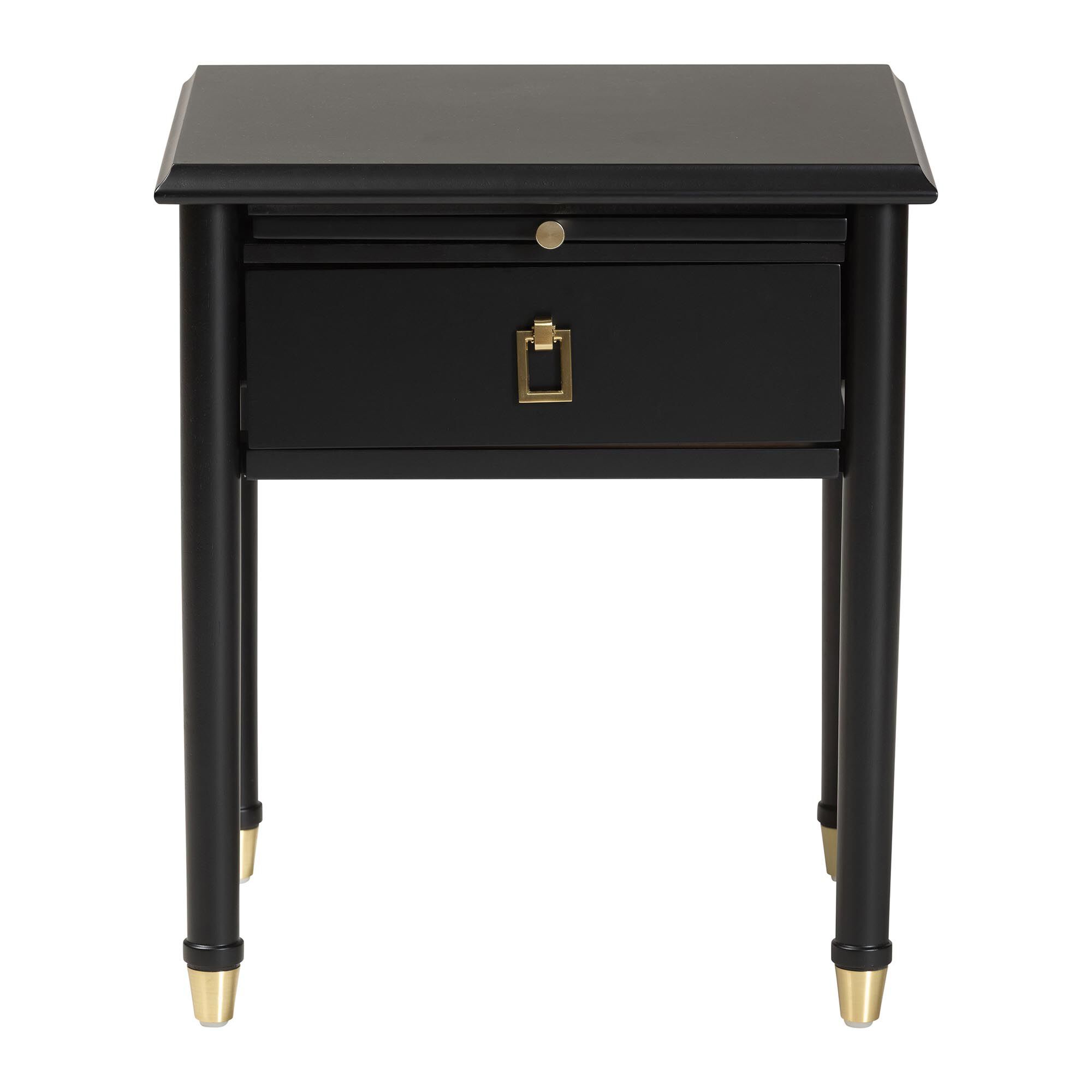 Tamra Black Wood Nightstand with Pullout Shelf, BLACK, alternate image number 4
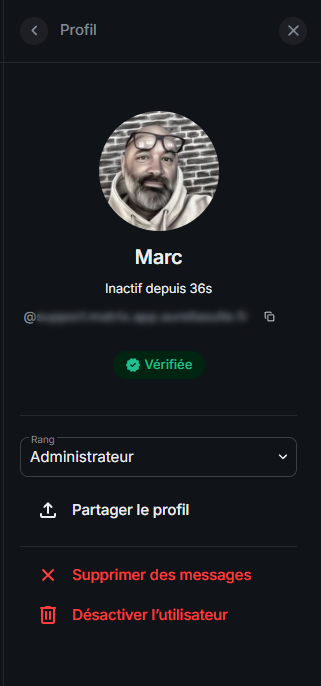 Element — profil utilisateur Aurélia Suite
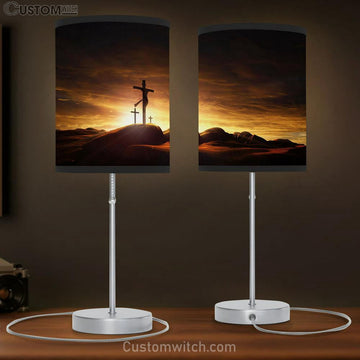 Jesus On The Cross Table Lamp Pictures - Faith Art - Christian Table Lamp Gift Decor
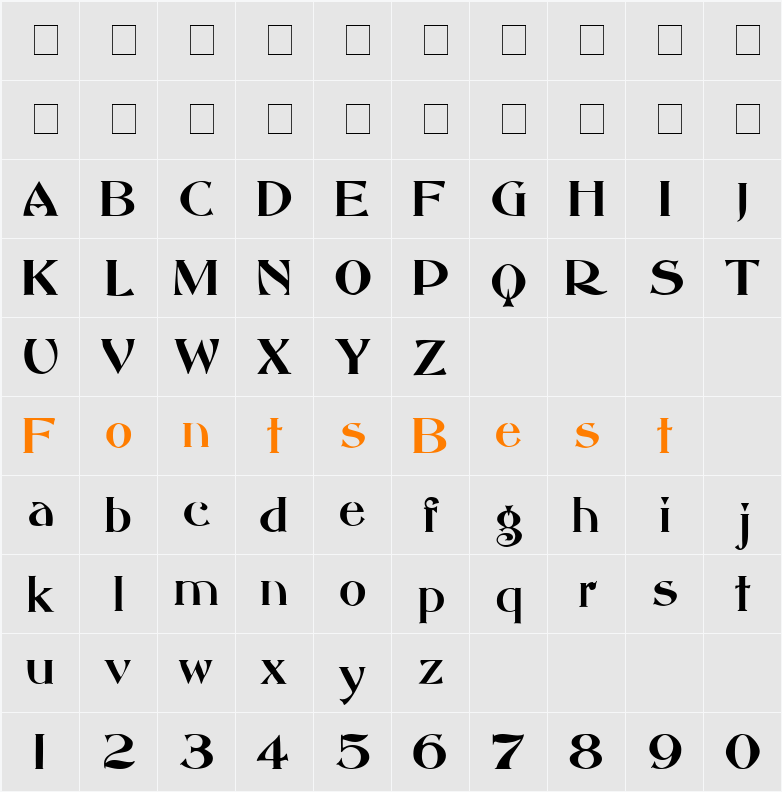 Mandrita Display SSi Character Map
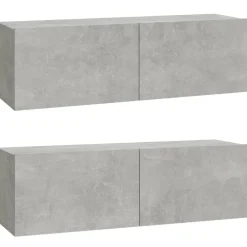 vidaXL Mueble TV de pared 2 uds madera contrachapada gris 100x30x30cm Gris hormigón Clearance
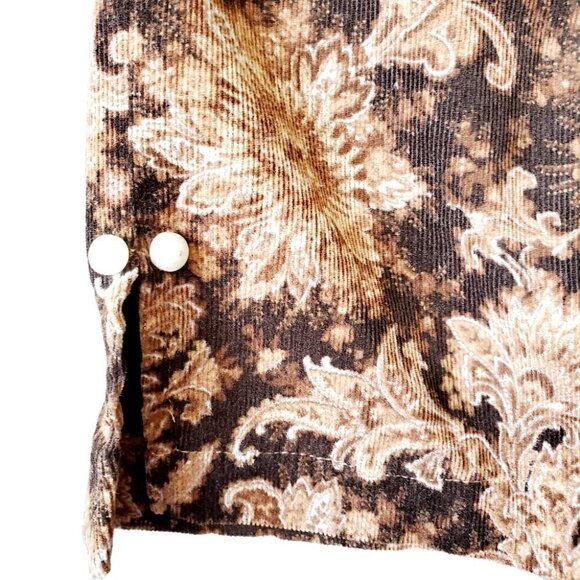 ANN Taylor Casual Summer Brown Floral Retro Women's Capri Corduroy Pant. Size 12 - Picture 4 of 8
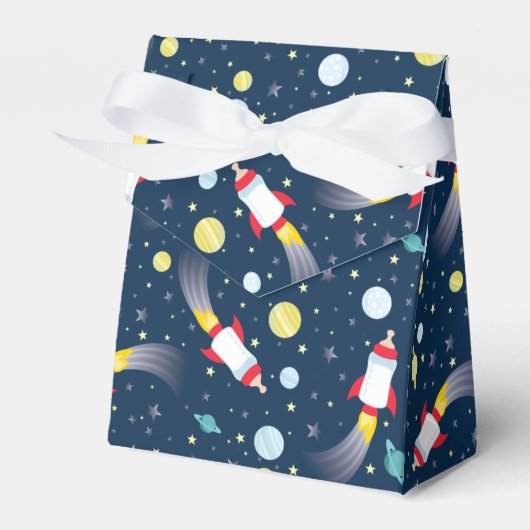 Weltraum-Babydusche Flasche Raumschiff Geschenkschachtel (Vorderseite)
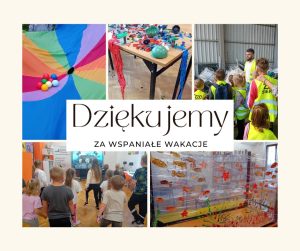Kolaż zdjęć przedstawiający dzieci podczas zabaw oraz wykonane przez nie prace plastyczne.
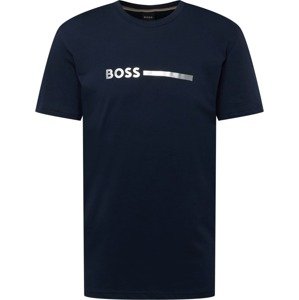 Tričko 'Special' BOSS Black námořnická modř / stříbrná
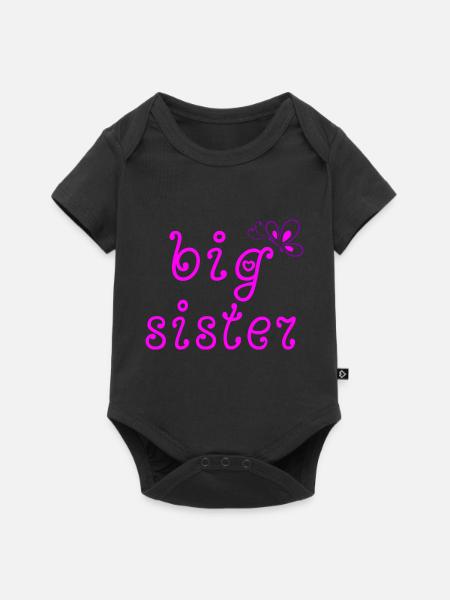 Große Schwester - Baby Premium Kurzarmbody - Schwarz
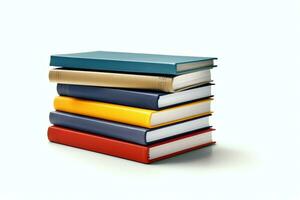 A book pile close up on a table. Front view pile book. For festival of world book day, national book day or national education day. Stack of colorful books on white background by AI Generated photo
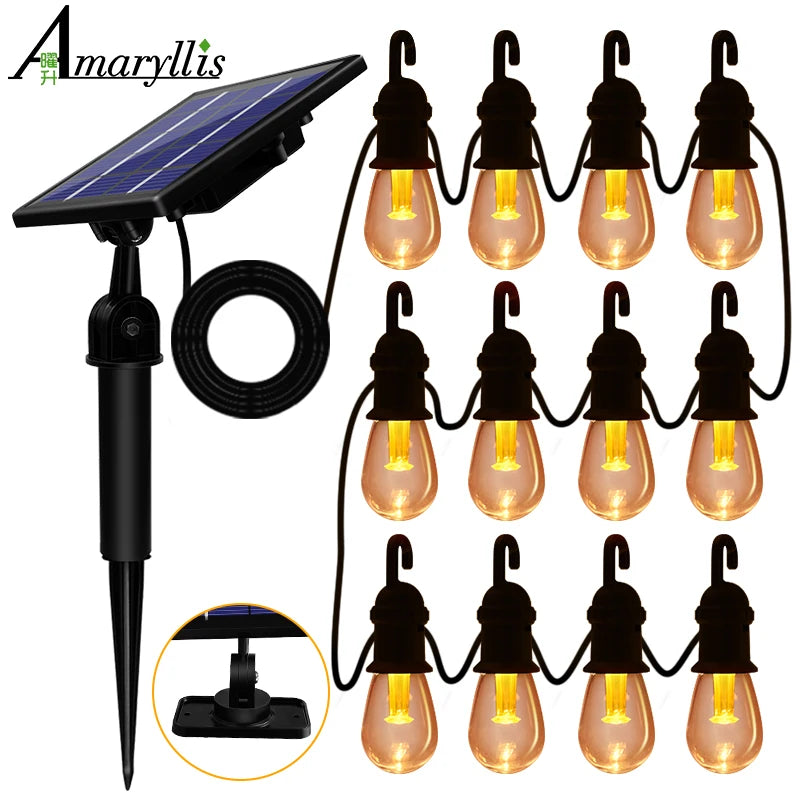 guirlande lumineuse solaire édison 12 ampoules led 300cm câbles noirs panneau inclinable vintage extérieur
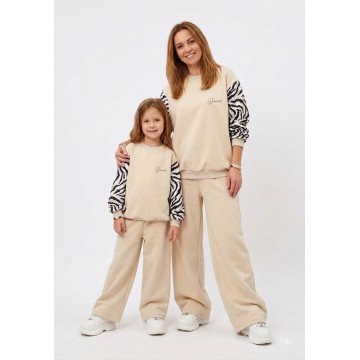 FW27-set (4 τεμαχίων) Γυναικείο & Παιδικό Φόρμα  Μπεζ Μανίκι Zebra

= = =

• _Instructions for the task_: Output exactly, and only, the lines of the entries above from the one with "ANN Taylor Casual" up to and including the one with "A book pile"; pictures are to be left out.

• _Solution to the problem_:
 ANN Taylor Casual Summer Brown Floral Retro Women's Capri Corduroy Pant. Size 12 - Picture 4 of 8
 Weltraum-Babydusche Flasche Raumschiff Geschenkschachtel (Vorderseite)
Kolaż zdjęć przedstawiający dzieci podczas zabaw oraz wykonane przez nie prace plastyczne.
 Tričko 'Special' BOSS Black námořnická modř / stříbrná
 Große Schwester - Baby Premium Kurzarmbody - Schwarz
 A book pile close up on a table. Front view pile book. For festival of world book day, national book day or national education day. Stack of colorful books on white background by AI Generated photo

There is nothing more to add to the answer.